Vino, donne, storie: Rosalia Ambrosino
di Adele Galetta
Metodica, razionale e determinata. In questi tre aggettivi, che sono nello stesso tempo pregio e difetto (dice) è racchiusa la personalità di Rosalia Ambrosino, giovane enologa, campana di nascita ma pugliese di adozione. Unica donna e ultima di quattro figli, “quando mio padre – racconta – qui in Puglia, mi ha vista con dimestichezza aggirarmi tra i filari conducendo un trattore, mi disse scuotendo il capo: “Pensavo di esserci riuscito e invece è venuto fuori il mio quarto uomo!”. Tifa (ovviamente) per il Napoli, Città che ama in assoluto. Si emoziona mangiando il crudo di pesce e nella sua borsa non manca mai il cavatappi.

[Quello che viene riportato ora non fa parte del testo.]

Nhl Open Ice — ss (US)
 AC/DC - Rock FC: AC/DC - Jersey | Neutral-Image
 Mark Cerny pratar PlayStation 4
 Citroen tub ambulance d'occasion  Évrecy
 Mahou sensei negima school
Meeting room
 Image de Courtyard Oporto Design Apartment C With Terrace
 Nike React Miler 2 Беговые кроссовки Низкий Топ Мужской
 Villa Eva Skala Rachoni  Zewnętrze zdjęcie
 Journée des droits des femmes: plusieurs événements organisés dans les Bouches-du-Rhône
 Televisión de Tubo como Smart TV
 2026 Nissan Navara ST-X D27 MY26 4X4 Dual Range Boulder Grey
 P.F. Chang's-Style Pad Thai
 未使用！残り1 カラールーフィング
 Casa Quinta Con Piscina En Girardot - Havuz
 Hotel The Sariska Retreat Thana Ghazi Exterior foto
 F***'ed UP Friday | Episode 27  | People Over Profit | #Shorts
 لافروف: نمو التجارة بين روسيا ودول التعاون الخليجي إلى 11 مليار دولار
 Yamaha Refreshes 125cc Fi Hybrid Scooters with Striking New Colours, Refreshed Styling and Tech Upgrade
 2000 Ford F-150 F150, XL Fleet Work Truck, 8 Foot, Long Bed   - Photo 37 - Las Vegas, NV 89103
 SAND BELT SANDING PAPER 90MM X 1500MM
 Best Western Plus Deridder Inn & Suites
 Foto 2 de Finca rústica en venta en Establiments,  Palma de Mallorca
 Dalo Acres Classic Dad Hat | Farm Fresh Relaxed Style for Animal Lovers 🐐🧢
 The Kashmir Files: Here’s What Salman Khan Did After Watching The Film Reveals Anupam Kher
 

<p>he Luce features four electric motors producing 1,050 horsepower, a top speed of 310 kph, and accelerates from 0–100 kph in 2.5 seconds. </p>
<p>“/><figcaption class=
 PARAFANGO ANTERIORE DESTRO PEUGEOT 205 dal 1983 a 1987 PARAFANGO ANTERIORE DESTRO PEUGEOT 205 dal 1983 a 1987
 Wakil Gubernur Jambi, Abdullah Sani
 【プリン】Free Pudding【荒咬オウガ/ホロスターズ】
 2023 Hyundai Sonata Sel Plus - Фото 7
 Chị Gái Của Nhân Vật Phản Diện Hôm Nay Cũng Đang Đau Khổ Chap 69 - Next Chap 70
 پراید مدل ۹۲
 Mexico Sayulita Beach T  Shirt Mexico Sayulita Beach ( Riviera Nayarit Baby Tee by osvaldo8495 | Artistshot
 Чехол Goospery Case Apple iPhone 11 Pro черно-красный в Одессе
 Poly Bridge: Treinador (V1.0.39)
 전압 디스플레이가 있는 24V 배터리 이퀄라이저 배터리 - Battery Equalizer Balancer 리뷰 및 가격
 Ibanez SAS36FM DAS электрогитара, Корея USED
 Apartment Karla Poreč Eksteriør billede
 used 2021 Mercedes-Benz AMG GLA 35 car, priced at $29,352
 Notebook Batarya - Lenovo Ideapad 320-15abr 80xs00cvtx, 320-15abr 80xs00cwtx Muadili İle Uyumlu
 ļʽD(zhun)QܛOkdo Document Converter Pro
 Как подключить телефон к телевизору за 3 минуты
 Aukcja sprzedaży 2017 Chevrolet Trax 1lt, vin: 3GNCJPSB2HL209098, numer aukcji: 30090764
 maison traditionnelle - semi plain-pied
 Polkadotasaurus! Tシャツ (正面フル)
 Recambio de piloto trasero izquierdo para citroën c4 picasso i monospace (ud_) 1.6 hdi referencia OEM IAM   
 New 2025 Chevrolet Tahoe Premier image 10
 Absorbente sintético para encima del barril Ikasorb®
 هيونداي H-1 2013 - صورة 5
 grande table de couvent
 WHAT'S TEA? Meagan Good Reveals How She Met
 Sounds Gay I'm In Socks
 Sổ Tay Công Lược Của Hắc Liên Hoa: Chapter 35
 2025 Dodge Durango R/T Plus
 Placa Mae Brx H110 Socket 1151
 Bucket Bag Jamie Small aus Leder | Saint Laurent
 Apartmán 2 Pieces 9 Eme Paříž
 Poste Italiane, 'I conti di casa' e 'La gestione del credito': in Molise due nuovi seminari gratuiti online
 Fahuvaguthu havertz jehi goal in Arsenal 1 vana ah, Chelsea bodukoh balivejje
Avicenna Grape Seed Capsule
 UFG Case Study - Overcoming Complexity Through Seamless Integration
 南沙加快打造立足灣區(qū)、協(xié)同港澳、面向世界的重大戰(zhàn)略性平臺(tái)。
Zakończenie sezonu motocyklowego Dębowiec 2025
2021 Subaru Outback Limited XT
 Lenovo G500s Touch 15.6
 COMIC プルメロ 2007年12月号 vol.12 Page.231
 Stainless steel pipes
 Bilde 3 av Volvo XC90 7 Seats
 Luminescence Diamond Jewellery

Rosalia, come nasce l’amore per il vino?
Sono cresciuta tra le vigne dei miei nonni alle pendici del Vesuvio. Nonostante non fossimo produttori abbiamo sempre coltivato la vite. Ho iniziato i miei studi di Enologia, però, per un caso fortuito. Mi ero da pochi giorni iscritta alla facoltà di Ingegneria meccanica, quando una mattina di settembre una cara amica mi chiese di accompagnarla ai suoi test d’ingresso per la Facoltà di Enologia. Accettai, e decisi per intrattenermi di eseguire anche io questi Test. Vi risparmio i dettagli, ma vi dirò che ad appena un mese dall’inizio dei miei studi capii che il vino e il suo meraviglioso mondo era sempre stato dentro di me.
Preferisci stare più in vigna o in cantina?
Sono, forse, forme diverse dello stesso amore. Per me tutto prende inizio in vigna. Il ciclo vitale della pianta di Vite è vita e seguirlo è vedere avanti a te vita che avanza, questo trova il suo seguito in cantina, dove queste piccole forme viventi prendono danno vita a prodotti maturi, da te educati e indirizzati ad avere un buon futuro nel mondo esterno.
Quale è il suo punto fermo?
Me stessa. Ho imparato, in questi ultimi anni, soprattutto, che ciò che mi fa stare bene e talvolta male dipende esclusivamente da me, da quello che scelgo.
C’è qualcosa che non rifaresti?
Rifarei, soprattutto, gli errori da cui ho avuto modo di imparare.
E cosa, invece, rifaresti?
Dedicare la mia vita così intensamente al lavoro e le mie attenzioni al Vino.
Gioie e delusioni: in che maniera si sono presentate nelle tua vita?
Le prime nel sentire nelle persone che stanno bevendo il mio vino esattamente quello che io avevo pensato nel mio progetto. Le seconde nel doversi confrontare con un mercato, spesso, spietato che fatica a cogliere dettagli enologici nascosti dietro ad ogni singolo progetto di bottiglia.
In quale personaggio storico ti rispecchi?
Dante Alighieri e la “Divina Commedia” sono per me la caratterizzazione del mio perfezionismo. Si materializza in quel libro il mio pensiero. Cotanta perfezione fa di me l’essere più entusiasta nel rileggerne i versi, non mi stanco mai di capire quanto sia bella quell’opera. Ulisse è il personaggio che rievoca in me la libertà, l’audacia, il desiderio di conoscenza, lo spingersi oltre, tutti i valori in cui credo fermamente.
E’ vero che ami Napoli ma quale è per te la più bella località della Puglia?
Foggia, vista da casa mia. È come un quadro dove il Gargano è lì a fare da cornice.
Sei giovane, hai costruito un’importante carriera ma c’è un sogno che, più di tutti, ti piacerebbe realizzare?
Vincere l’Oscar dei vini con il mio ETTORE Nero di Troia.
Che vino vorresti essere?
Un Taurasi Riserva, spigoloso al punto giusto ma con carattere, amabile al contempo, fiero della terra che lo ha caratterizzato.
Come racconteresti il vino?
A mio avviso un buon vino deve saper raccontare le sue origini, deve lasciar trapelare dove è nato, quale clima e terreno lo hanno caratterizzato. In pratica la viticoltura e l’enologia non sono solamente attività economiche, anzi, rivestono per lo più un ruolo “etico”, il loro obiettivo non si esaurisce con la produzione di un vino buono, genuino e commercialmente valido. All’Enologia, in particolare quella italiana, è affidata la salvaguardia di ambienti di particolare valore storico e culturale.